Supplied records below:
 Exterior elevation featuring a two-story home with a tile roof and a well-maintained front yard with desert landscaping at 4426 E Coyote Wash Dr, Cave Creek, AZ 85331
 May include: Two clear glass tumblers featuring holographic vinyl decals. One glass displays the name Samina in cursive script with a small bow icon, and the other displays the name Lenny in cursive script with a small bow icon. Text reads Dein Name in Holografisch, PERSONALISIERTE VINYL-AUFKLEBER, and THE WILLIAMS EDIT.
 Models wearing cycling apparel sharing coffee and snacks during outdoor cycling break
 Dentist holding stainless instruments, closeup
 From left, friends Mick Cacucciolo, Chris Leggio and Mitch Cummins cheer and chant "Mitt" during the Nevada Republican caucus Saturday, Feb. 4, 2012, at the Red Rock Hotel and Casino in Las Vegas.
End of Supplied records.
Supplied records below:
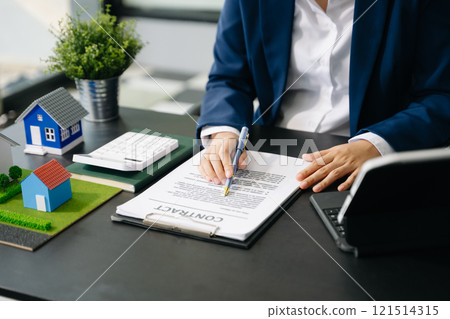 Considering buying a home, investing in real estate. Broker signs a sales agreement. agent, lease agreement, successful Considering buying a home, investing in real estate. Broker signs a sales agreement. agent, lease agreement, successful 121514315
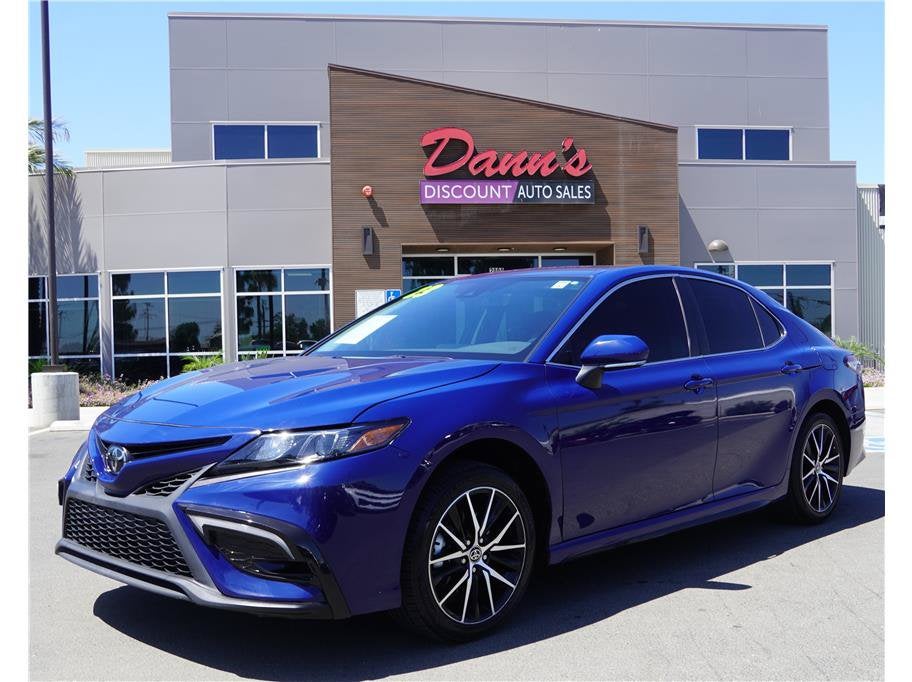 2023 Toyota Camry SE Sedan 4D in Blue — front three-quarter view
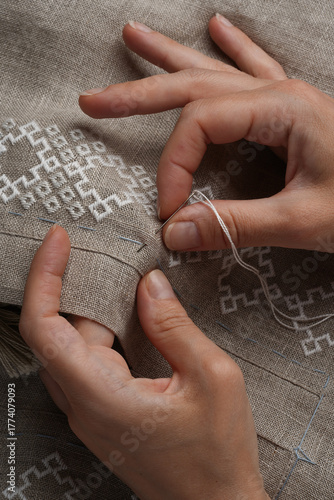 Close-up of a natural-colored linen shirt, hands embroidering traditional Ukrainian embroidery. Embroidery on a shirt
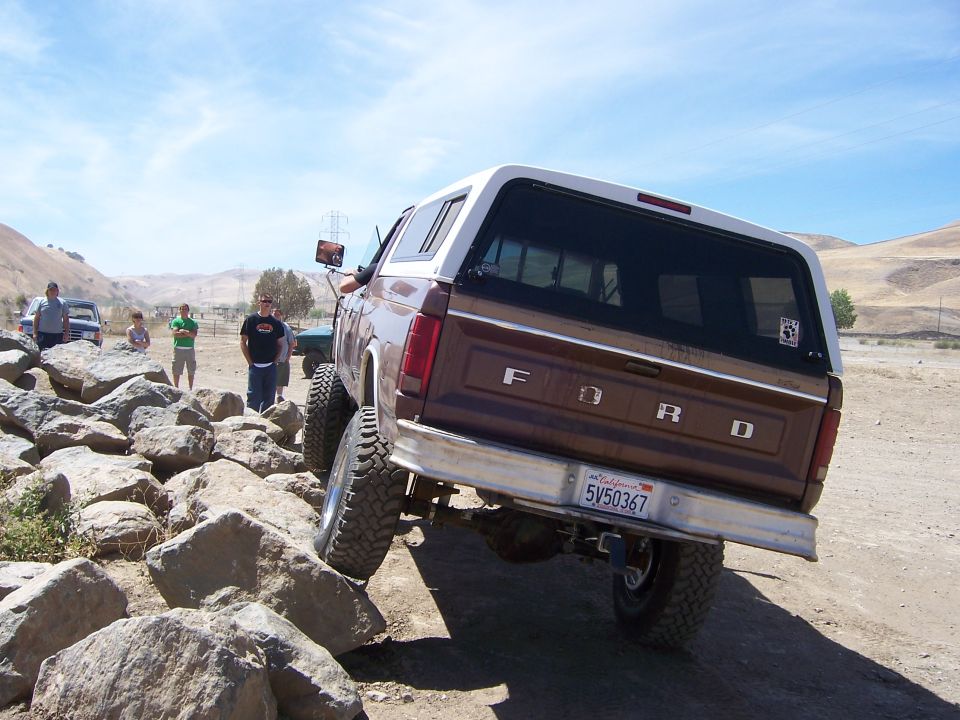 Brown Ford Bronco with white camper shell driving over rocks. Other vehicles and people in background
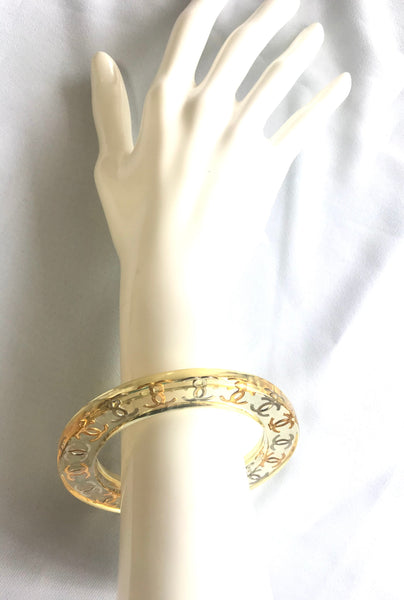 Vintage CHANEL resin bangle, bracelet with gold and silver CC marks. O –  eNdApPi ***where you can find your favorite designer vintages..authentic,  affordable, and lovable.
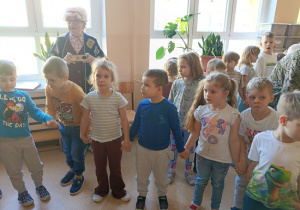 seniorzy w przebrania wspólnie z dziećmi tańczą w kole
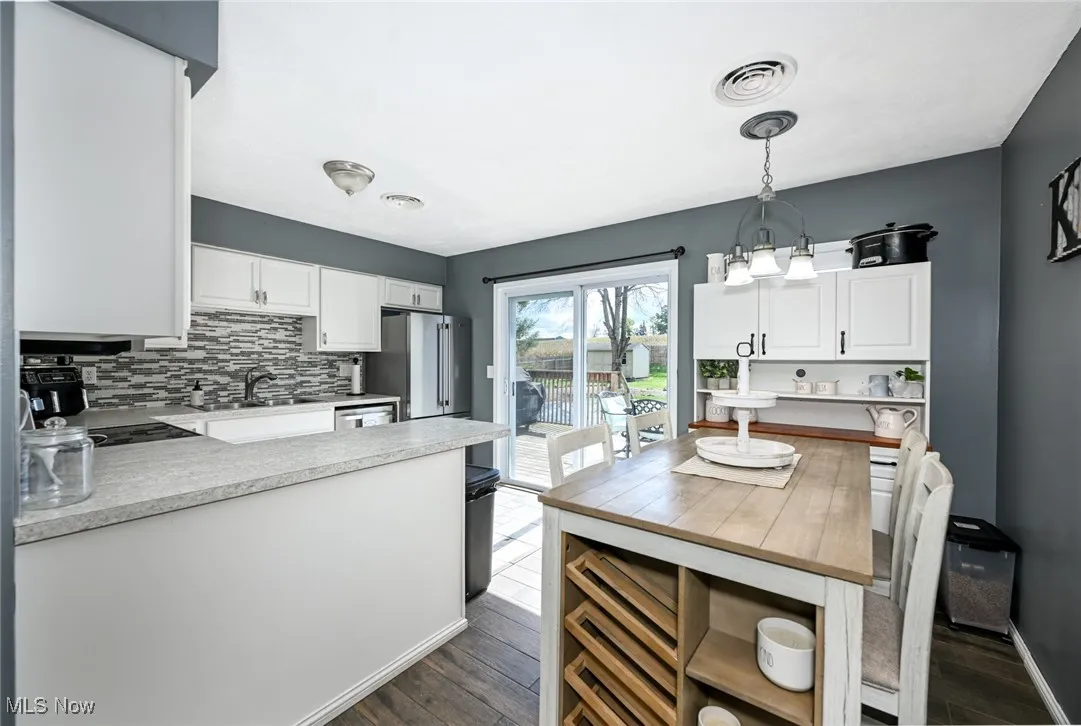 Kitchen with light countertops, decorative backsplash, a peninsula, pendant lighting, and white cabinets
End of Supplied records.
Required action:
Within the records, filter for lines that contain the word "featuring" and show each one.

Written reply:
 Exterior elevation featuring a two-story home with a tile roof and a well-maintained front yard with desert landscaping at 4426 E Coyote Wash Dr, Cave Creek, AZ 85331
 May include: Two clear glass tumblers featuring holographic vinyl decals. One glass displays the name Samina in cursive script with a small bow icon, and the other displays the name Lenny in cursive script with a small bow icon. Text reads Dein Name in Holografisch, PERSONALISIERTE VINYL-AUFKLEBER, and THE WILLIAMS EDIT.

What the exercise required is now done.